What is expected :: Beginning at the line containing "programa de necesidades" in the material below and ending at the line containing "Picture of BEACH", return each line exactly and add nothing.

Source material ::
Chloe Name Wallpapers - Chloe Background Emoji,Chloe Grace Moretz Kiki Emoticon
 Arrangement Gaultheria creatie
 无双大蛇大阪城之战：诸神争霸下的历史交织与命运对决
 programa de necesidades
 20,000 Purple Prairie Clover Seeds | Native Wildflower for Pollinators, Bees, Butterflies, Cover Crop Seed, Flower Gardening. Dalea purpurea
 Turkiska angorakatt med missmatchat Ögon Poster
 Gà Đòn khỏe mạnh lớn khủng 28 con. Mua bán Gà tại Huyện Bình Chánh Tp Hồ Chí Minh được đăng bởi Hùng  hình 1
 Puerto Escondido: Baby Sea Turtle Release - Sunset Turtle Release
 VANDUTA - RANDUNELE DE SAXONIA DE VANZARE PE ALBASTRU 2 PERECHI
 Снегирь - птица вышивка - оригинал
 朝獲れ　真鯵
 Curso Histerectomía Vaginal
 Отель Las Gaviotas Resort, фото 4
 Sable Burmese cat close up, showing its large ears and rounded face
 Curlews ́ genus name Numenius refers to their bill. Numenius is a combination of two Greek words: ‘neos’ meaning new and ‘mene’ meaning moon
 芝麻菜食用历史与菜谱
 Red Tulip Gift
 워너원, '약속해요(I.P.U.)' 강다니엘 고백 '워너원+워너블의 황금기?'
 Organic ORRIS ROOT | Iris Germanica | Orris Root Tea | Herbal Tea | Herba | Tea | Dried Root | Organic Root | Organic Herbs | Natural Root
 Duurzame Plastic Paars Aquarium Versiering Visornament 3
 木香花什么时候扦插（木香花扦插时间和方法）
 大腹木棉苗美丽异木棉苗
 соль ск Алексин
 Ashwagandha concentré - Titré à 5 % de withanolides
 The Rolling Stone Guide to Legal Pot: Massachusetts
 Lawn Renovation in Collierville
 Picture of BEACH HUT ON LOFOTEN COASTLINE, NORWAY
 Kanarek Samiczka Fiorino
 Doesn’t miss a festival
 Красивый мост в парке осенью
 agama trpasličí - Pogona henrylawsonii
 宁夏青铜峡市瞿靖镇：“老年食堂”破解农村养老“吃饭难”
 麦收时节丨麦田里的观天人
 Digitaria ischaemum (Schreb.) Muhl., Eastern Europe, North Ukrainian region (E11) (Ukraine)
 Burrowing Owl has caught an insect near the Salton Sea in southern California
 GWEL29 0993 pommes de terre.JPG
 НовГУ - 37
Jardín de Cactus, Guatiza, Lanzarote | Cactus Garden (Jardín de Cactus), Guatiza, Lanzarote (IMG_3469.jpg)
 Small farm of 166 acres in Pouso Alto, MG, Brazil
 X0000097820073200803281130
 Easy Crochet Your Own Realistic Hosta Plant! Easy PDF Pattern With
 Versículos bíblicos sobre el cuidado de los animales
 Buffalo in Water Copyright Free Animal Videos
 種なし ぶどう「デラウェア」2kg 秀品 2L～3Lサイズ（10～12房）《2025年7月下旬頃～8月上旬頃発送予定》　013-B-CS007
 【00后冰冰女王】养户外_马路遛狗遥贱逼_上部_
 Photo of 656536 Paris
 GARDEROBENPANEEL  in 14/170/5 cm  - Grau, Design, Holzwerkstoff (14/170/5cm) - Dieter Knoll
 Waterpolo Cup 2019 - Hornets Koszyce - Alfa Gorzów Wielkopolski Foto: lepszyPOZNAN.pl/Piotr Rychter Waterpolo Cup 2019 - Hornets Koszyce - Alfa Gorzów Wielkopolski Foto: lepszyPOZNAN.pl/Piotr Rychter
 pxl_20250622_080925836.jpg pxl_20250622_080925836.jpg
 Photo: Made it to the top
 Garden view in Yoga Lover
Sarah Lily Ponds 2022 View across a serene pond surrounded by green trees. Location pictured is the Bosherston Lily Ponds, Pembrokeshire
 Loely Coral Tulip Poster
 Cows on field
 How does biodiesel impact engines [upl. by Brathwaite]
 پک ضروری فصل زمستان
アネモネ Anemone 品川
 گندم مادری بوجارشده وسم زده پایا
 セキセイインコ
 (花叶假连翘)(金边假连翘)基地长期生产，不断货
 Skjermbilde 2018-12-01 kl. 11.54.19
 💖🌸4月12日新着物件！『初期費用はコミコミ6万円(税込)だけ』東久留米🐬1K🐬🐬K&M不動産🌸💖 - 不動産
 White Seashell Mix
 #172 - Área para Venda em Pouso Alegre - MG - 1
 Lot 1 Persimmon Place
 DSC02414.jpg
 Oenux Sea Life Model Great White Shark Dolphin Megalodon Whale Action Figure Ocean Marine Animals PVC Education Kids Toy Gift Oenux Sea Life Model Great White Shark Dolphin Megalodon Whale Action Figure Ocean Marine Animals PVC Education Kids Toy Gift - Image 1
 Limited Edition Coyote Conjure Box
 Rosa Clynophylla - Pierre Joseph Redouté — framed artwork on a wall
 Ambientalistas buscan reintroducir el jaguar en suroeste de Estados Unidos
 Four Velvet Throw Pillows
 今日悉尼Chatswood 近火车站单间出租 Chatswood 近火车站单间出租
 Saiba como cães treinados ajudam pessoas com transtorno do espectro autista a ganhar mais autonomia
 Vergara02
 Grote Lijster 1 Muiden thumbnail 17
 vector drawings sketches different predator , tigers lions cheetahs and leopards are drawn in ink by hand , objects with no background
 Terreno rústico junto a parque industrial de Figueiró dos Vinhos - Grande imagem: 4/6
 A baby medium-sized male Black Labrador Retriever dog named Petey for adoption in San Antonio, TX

Expected answer ::
 programa de necesidades
 20,000 Purple Prairie Clover Seeds | Native Wildflower for Pollinators, Bees, Butterflies, Cover Crop Seed, Flower Gardening. Dalea purpurea
 Turkiska angorakatt med missmatchat Ögon Poster
 Gà Đòn khỏe mạnh lớn khủng 28 con. Mua bán Gà tại Huyện Bình Chánh Tp Hồ Chí Minh được đăng bởi Hùng  hình 1
 Puerto Escondido: Baby Sea Turtle Release - Sunset Turtle Release
 VANDUTA - RANDUNELE DE SAXONIA DE VANZARE PE ALBASTRU 2 PERECHI
 Снегирь - птица вышивка - оригинал
 朝獲れ　真鯵
 Curso Histerectomía Vaginal
 Отель Las Gaviotas Resort, фото 4
 Sable Burmese cat close up, showing its large ears and rounded face
 Curlews ́ genus name Numenius refers to their bill. Numenius is a combination of two Greek words: ‘neos’ meaning new and ‘mene’ meaning moon
 芝麻菜食用历史与菜谱
 Red Tulip Gift
 워너원, '약속해요(I.P.U.)' 강다니엘 고백 '워너원+워너블의 황금기?'
 Organic ORRIS ROOT | Iris Germanica | Orris Root Tea | Herbal Tea | Herba | Tea | Dried Root | Organic Root | Organic Herbs | Natural Root
 Duurzame Plastic Paars Aquarium Versiering Visornament 3
 木香花什么时候扦插（木香花扦插时间和方法）
 大腹木棉苗美丽异木棉苗
 соль ск Алексин
 Ashwagandha concentré - Titré à 5 % de withanolides
 The Rolling Stone Guide to Legal Pot: Massachusetts
 Lawn Renovation in Collierville
 Picture of BEACH HUT ON LOFOTEN COASTLINE, NORWAY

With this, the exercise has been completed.